___ SOURCE MATERIAL ___

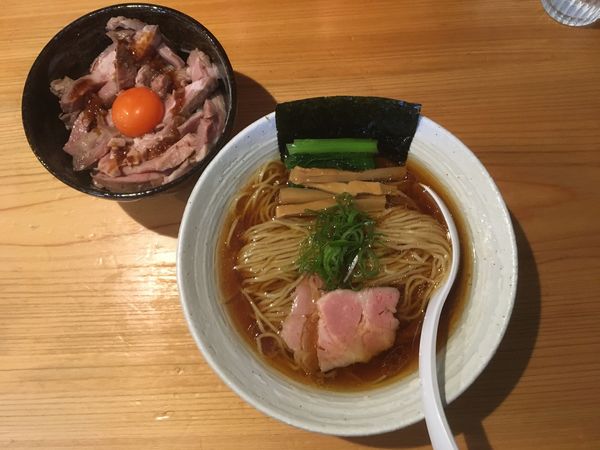 「醤油らぁ麺+豚ユッケご飯+麺変更」@麺屋 さくら井の写真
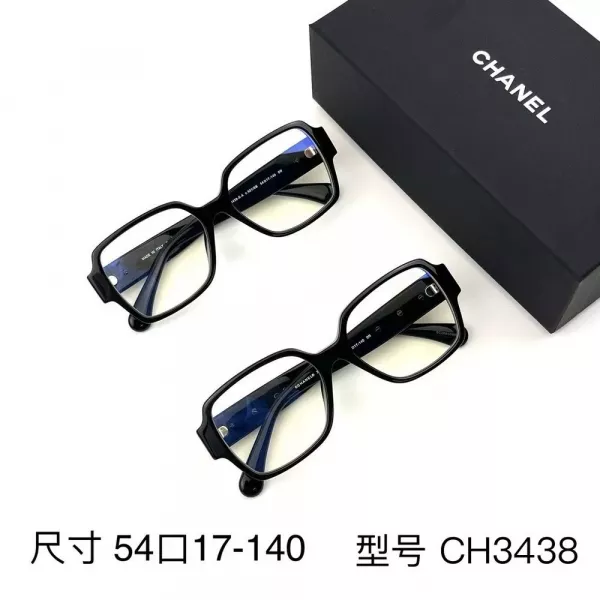 샤넬 하트와 진주 장식이 돋보이는 안경
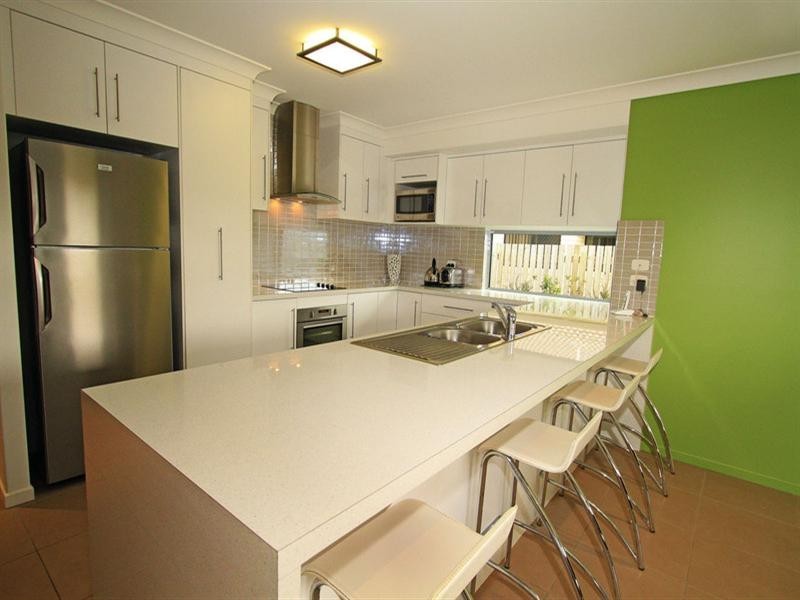 12 Rosella Drive, Gracemere QLD 4702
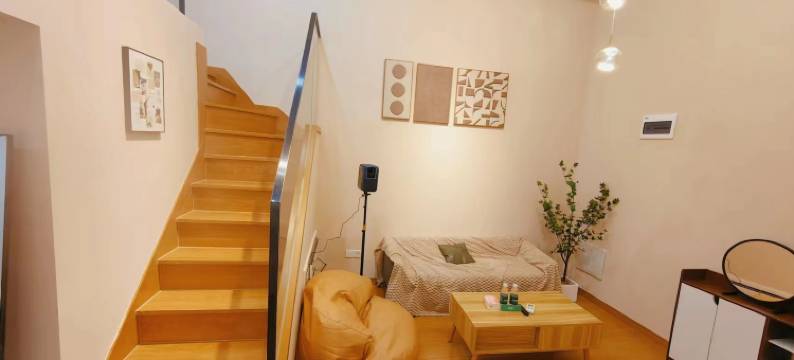 云上·美宿loft影音公寓(南昌西站礼庄山地铁站店)图片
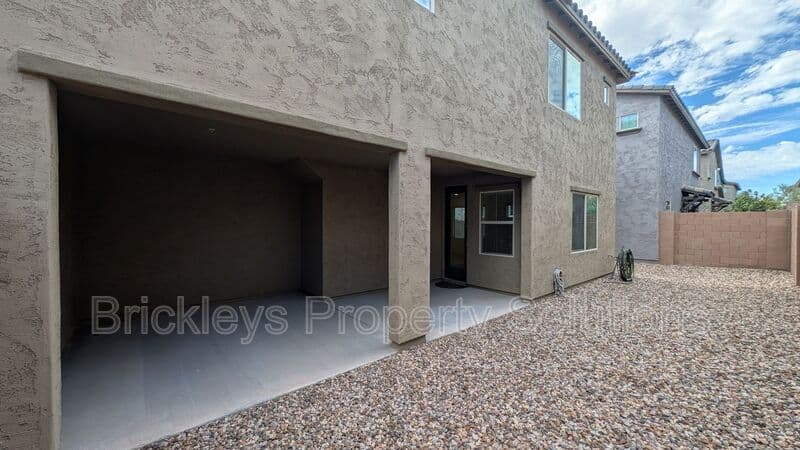 3-bedroom 2.5-bath home at 7042 E Diamond St for $2,900/mo managed by Brickleys Property Solutions East Valley Phoenix — photo 37 of 45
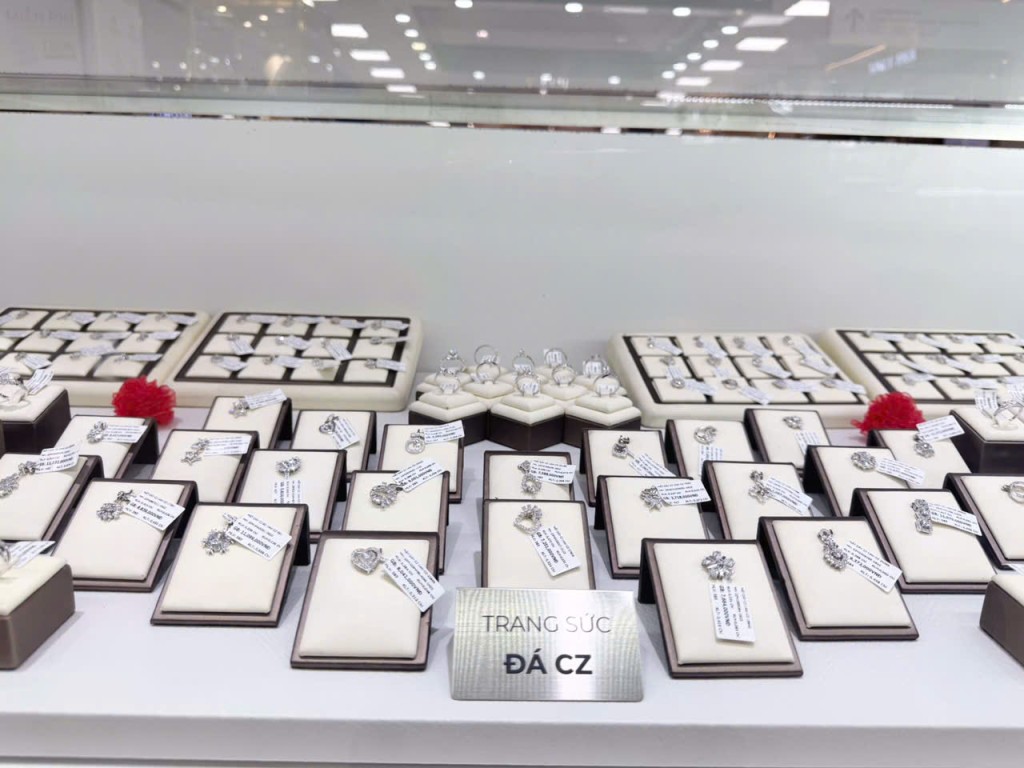 Showroom Trang Sức Quận 11: Địa Chỉ Mua Vàng Và Đá Quý Chất Lượng 3 cửa hàng trang sức đá quý quận 11,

___

■ **TASK DIRECTIONS**: With the pictures omitted, restate every entry above word for word.

■ **RESPONSE TO THIS EXERCISE**:
 「醤油らぁ麺+豚ユッケご飯+麺変更」@麺屋 さくら井の写真
 샤넬 하트와 진주 장식이 돋보이는 안경
 12 Rosella Drive, Gracemere QLD 4702
 云上·美宿loft影音公寓(南昌西站礼庄山地铁站店)图片
 3-bedroom 2.5-bath home at 7042 E Diamond St for $2,900/mo managed by Brickleys Property Solutions East Valley Phoenix — photo 37 of 45
 Showroom Trang Sức Quận 11: Địa Chỉ Mua Vàng Và Đá Quý Chất Lượng 3 cửa hàng trang sức đá quý quận 11,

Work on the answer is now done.